Problem - Where pictures appear, omit them, and copy exactly only the lines from the start of the listing through the line containing "Snack Cups for", both included.

Listed records -
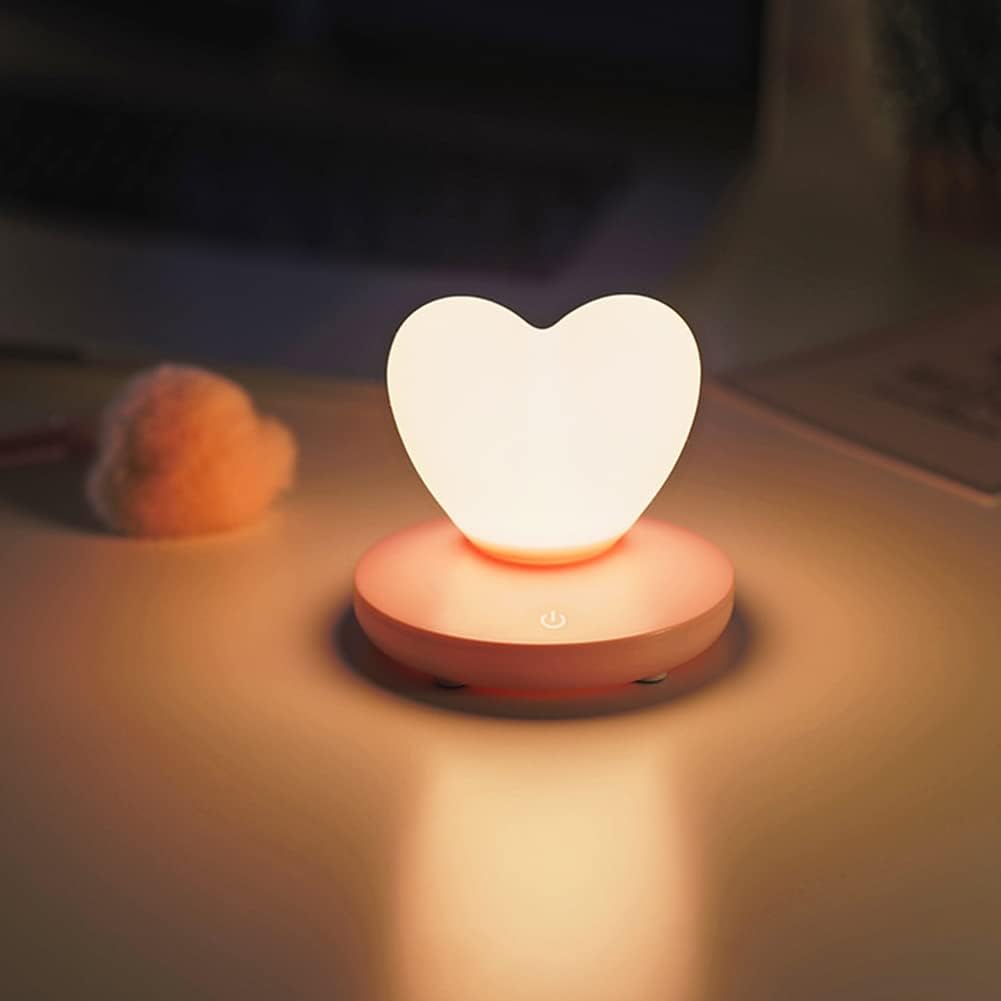 Heart Shaped Night Light, Cute Lamp, USB Rechargeable Bedside Lamp, 3 Gear Touch, Portable Love Heart Silicone Lights, Gift for Christmas Valentine's Day Anniversary Wedding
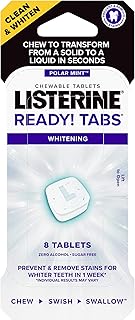Listerine Ready! Tabs Whitening Chewable Tablets with Polar Mint Flavor to Help Fight Bad Breath, Gently Whiten Teeth & Kill Bad Breath Germs On the Go, Sugar-Free, Gluten-Free, 8 ct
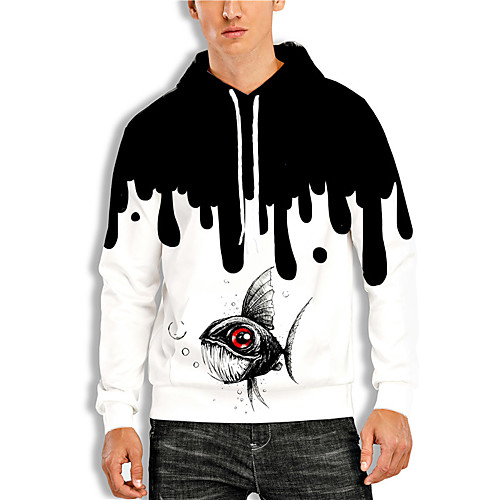 

Men's Pullover Hoodie Sweatshirt Graphic Prints Animal Print Daily Sports 3D Print 3D Print Casual Hoodies Sweatshirts White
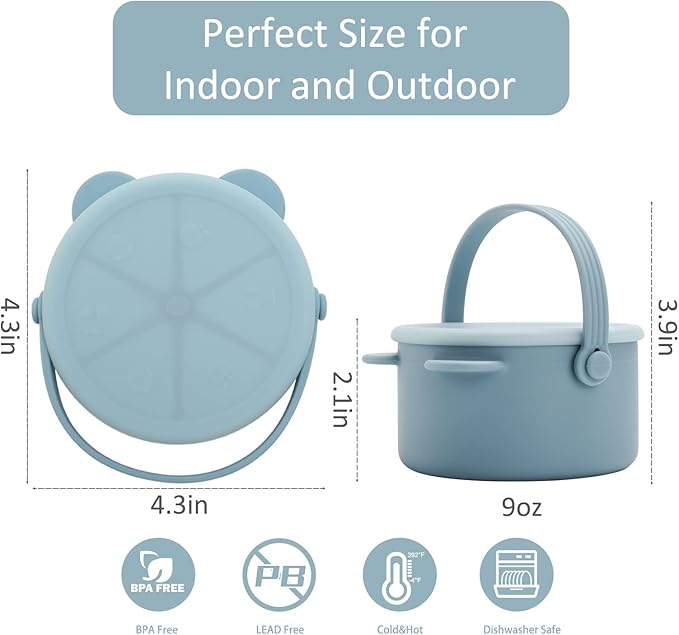 Snack Cups for Toddlers, Baby Snack Containers, Silicone Toddler Snack Cups No Spill, Food Catcher with Lid & Bucket-like Handle, BPA Free & Dishwasher Safe, 9 Ounce Smoke Blue
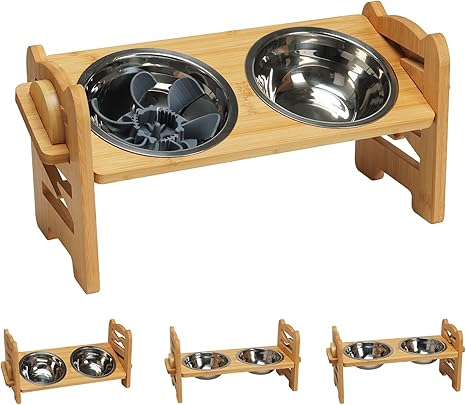 RLAVBL Dog Bowl Elevated Adjustable Bamboo Pet Food Bowl with Slow Eater and 2 Stainless Steel Bowls, Non-Slip Pads for Small Medium Dogs and Cats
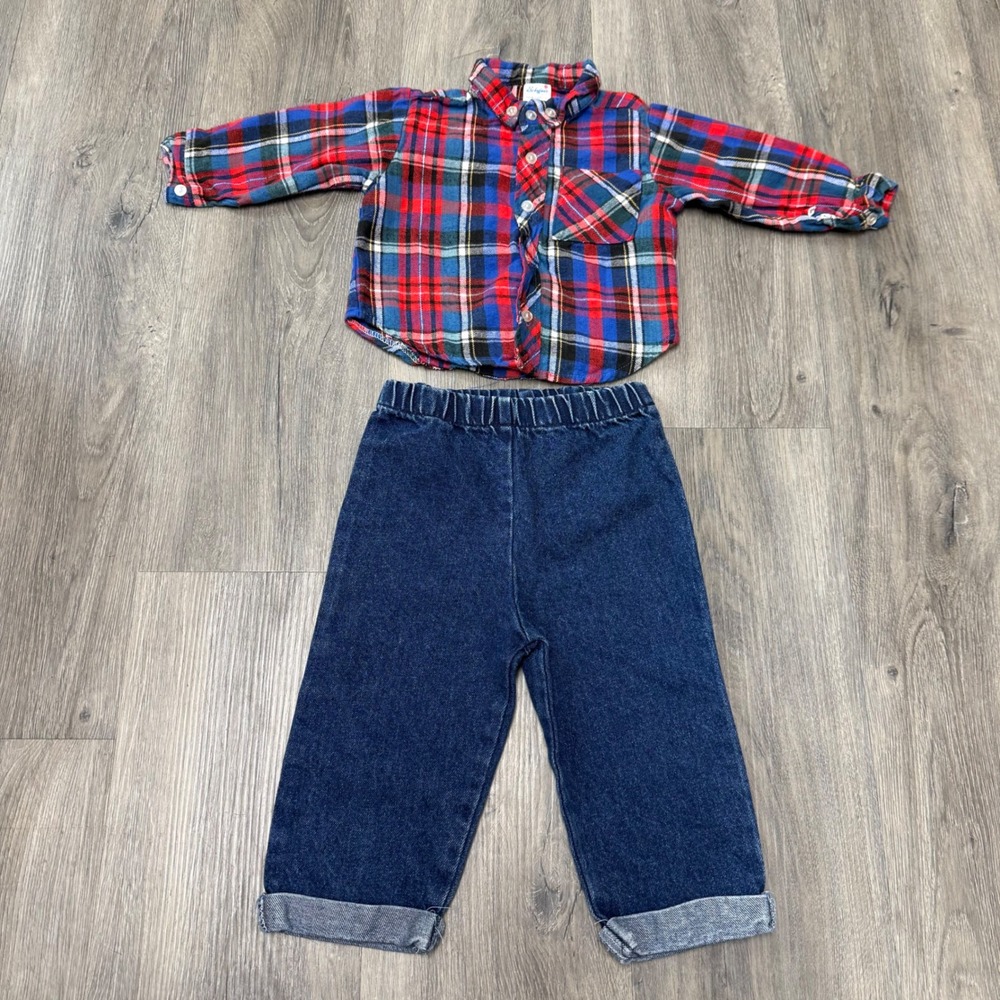 Vintage Babyfair Toddler Boys 12M Plaid Button Up Shirt and Denim Jeans 2pc Set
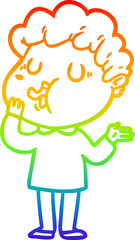 rainbow gradient line drawing of a cartoon man singing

The answer -
 Heart Shaped Night Light, Cute Lamp, USB Rechargeable Bedside Lamp, 3 Gear Touch, Portable Love Heart Silicone Lights, Gift for Christmas Valentine's Day Anniversary Wedding
Listerine Ready! Tabs Whitening Chewable Tablets with Polar Mint Flavor to Help Fight Bad Breath, Gently Whiten Teeth & Kill Bad Breath Germs On the Go, Sugar-Free, Gluten-Free, 8 ct

Men's Pullover Hoodie Sweatshirt Graphic Prints Animal Print Daily Sports 3D Print 3D Print Casual Hoodies Sweatshirts White
 Snack Cups for Toddlers, Baby Snack Containers, Silicone Toddler Snack Cups No Spill, Food Catcher with Lid & Bucket-like Handle, BPA Free & Dishwasher Safe, 9 Ounce Smoke Blue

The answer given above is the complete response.